[WHAT TO DO]
Where does the string "para" appear? Copy every line of the entries below that holds it.

[RECORDS FOR THE TASK]
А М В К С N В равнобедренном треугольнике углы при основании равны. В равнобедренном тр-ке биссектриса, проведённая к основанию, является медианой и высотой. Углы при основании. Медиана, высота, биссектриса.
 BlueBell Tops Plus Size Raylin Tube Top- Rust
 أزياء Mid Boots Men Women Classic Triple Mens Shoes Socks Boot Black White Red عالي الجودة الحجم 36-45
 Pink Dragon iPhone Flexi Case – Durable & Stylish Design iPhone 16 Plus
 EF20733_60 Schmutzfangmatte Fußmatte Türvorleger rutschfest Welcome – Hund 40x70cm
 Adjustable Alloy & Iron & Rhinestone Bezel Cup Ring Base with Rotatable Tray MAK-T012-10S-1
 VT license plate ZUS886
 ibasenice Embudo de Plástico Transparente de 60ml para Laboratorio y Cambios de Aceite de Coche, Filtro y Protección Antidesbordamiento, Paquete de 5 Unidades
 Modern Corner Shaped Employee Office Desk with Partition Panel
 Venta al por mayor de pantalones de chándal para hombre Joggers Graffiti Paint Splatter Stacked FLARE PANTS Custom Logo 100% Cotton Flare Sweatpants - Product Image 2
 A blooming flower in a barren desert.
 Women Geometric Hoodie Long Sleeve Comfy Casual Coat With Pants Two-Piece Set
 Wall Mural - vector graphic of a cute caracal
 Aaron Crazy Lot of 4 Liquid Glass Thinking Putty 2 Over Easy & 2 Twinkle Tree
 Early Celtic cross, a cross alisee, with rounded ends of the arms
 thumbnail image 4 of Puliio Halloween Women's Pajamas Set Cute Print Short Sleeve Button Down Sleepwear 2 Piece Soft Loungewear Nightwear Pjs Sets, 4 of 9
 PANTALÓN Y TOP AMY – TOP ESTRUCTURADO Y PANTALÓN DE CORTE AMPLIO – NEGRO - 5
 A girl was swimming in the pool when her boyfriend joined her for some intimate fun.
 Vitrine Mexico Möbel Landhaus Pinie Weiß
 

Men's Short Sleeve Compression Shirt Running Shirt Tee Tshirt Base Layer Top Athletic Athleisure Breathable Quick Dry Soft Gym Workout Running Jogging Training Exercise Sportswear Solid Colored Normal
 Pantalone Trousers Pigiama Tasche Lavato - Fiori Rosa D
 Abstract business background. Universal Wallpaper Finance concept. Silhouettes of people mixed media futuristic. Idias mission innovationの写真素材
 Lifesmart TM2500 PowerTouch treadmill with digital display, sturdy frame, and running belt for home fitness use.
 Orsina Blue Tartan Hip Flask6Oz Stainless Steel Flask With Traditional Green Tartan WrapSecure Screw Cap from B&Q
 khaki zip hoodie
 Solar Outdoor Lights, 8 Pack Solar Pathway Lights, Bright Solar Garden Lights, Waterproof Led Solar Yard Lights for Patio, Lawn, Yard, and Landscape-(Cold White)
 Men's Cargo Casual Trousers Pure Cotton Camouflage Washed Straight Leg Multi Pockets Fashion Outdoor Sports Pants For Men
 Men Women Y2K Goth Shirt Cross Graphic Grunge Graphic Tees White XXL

[ANSWER SPACE]
 ibasenice Embudo de Plástico Transparente de 60ml para Laboratorio y Cambios de Aceite de Coche, Filtro y Protección Antidesbordamiento, Paquete de 5 Unidades
 Venta al por mayor de pantalones de chándal para hombre Joggers Graffiti Paint Splatter Stacked FLARE PANTS Custom Logo 100% Cotton Flare Sweatpants - Product Image 2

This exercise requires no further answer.